Directions: Beginning with the first line of the data below, extract each line up to and including the one containing "Lotus Stock Footage 10856613". Copy them exactly and add nothing.

* * * * * * * * *

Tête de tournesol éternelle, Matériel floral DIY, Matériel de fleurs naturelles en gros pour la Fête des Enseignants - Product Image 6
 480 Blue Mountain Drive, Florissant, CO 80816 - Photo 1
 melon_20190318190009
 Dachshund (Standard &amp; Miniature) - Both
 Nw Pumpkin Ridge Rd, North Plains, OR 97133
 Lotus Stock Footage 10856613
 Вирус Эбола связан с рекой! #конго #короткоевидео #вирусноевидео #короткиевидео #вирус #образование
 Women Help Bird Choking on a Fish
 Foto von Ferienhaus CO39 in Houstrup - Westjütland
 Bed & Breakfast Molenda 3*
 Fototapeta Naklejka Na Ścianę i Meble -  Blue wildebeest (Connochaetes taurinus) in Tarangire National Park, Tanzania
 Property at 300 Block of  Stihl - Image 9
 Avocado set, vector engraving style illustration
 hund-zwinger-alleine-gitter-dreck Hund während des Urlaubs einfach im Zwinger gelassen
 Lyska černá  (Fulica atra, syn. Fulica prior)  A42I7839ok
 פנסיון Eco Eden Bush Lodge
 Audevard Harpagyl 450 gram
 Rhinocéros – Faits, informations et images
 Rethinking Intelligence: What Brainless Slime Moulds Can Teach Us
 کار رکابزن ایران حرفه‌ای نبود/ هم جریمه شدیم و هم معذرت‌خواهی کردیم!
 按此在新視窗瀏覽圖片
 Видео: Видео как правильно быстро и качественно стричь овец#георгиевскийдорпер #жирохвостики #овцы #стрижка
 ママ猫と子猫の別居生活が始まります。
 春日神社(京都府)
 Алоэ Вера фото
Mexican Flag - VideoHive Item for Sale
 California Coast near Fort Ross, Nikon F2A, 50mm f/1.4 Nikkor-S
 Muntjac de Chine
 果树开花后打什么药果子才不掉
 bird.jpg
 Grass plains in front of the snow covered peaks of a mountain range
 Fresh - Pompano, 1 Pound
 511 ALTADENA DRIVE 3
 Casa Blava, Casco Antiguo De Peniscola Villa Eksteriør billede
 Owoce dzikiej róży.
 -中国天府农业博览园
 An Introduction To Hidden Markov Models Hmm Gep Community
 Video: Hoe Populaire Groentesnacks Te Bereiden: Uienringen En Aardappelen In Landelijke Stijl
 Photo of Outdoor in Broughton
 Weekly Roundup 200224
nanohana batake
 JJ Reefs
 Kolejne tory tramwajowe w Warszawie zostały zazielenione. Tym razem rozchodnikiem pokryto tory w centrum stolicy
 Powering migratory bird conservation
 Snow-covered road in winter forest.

* * * * * * * * *

Your response:
Tête de tournesol éternelle, Matériel floral DIY, Matériel de fleurs naturelles en gros pour la Fête des Enseignants - Product Image 6
 480 Blue Mountain Drive, Florissant, CO 80816 - Photo 1
 melon_20190318190009
 Dachshund (Standard &amp; Miniature) - Both
 Nw Pumpkin Ridge Rd, North Plains, OR 97133
 Lotus Stock Footage 10856613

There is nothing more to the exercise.